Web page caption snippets
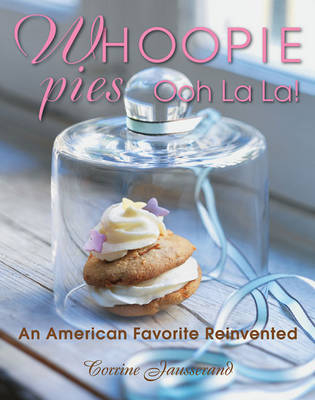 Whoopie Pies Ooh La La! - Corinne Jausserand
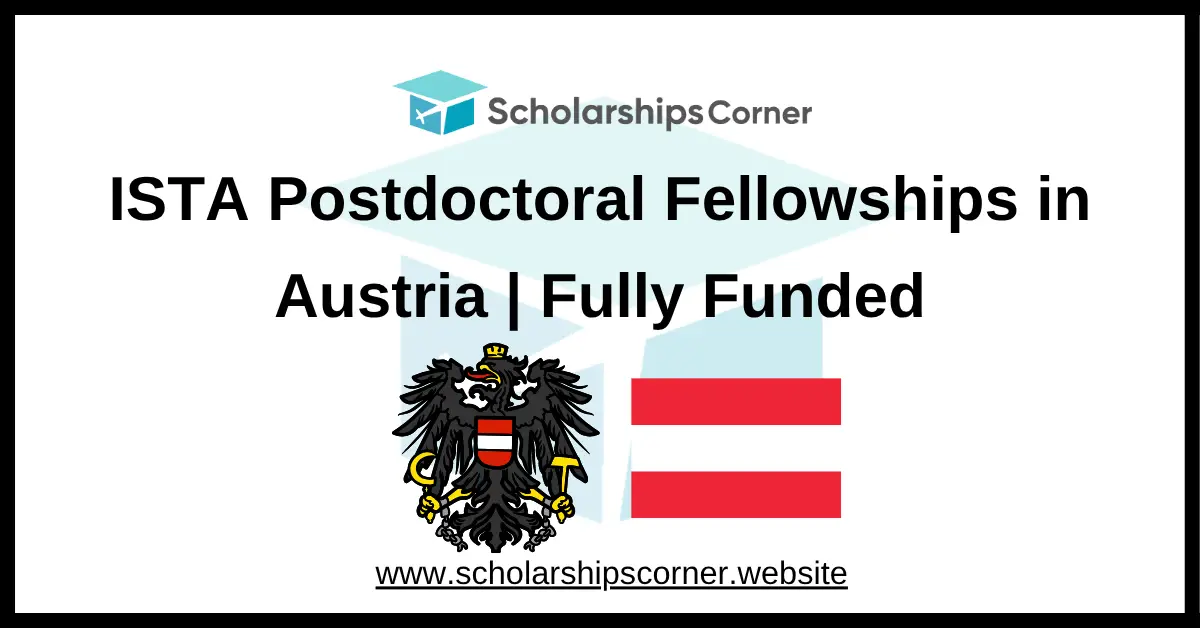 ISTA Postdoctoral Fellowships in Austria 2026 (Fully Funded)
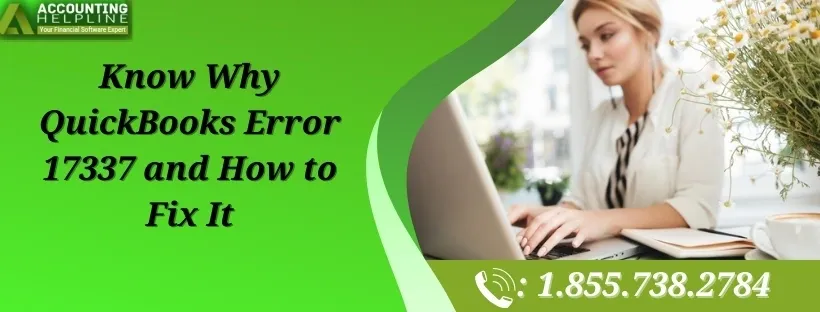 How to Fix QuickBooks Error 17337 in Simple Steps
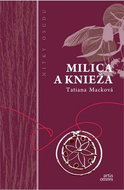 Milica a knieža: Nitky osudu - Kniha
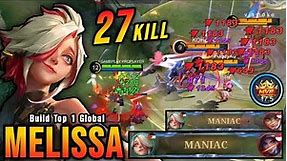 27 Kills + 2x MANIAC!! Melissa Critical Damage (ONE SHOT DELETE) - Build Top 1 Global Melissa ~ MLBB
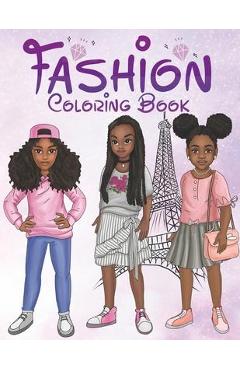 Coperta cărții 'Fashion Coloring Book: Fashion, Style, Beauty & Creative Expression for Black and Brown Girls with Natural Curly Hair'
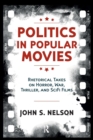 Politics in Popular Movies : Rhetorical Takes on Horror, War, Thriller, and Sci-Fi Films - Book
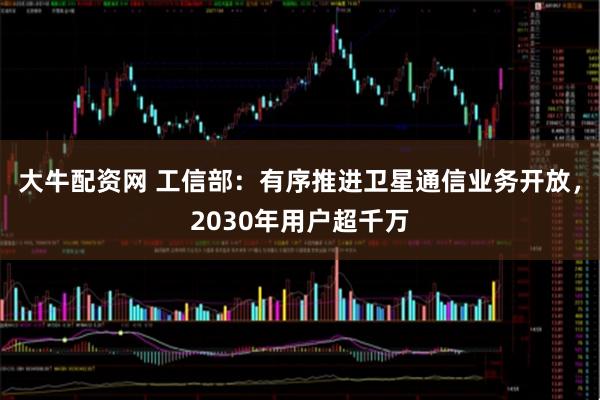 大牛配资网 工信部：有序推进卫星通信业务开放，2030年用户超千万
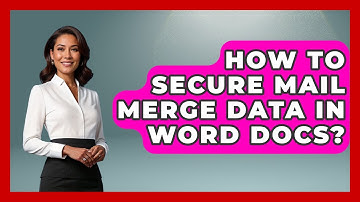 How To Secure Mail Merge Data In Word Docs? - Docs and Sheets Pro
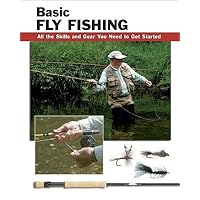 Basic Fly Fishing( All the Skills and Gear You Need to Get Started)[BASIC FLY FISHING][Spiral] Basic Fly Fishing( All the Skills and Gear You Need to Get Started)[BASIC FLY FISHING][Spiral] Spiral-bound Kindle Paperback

§ Assigned task
From the first line to the last, repeat the records exactly. Leave out the pictures.

§ Solution to this problem
 Whoopie Pies Ooh La La! - Corinne Jausserand
 ISTA Postdoctoral Fellowships in Austria 2026 (Fully Funded)
 How to Fix QuickBooks Error 17337 in Simple Steps
 Milica a knieža: Nitky osudu - Kniha
 27 Kills + 2x MANIAC!! Melissa Critical Damage (ONE SHOT DELETE) - Build Top 1 Global Melissa ~ MLBB
 Coperta cărții 'Fashion Coloring Book: Fashion, Style, Beauty & Creative Expression for Black and Brown Girls with Natural Curly Hair'
 Politics in Popular Movies : Rhetorical Takes on Horror, War, Thriller, and Sci-Fi Films - Book
 大牛配资网 工信部：有序推进卫星通信业务开放，2030年用户超千万
 How To Secure Mail Merge Data In Word Docs? - Docs and Sheets Pro
 Basic Fly Fishing( All the Skills and Gear You Need to Get Started)[BASIC FLY FISHING][Spiral] Basic Fly Fishing( All the Skills and Gear You Need to Get Started)[BASIC FLY FISHING][Spiral] Spiral-bound Kindle Paperback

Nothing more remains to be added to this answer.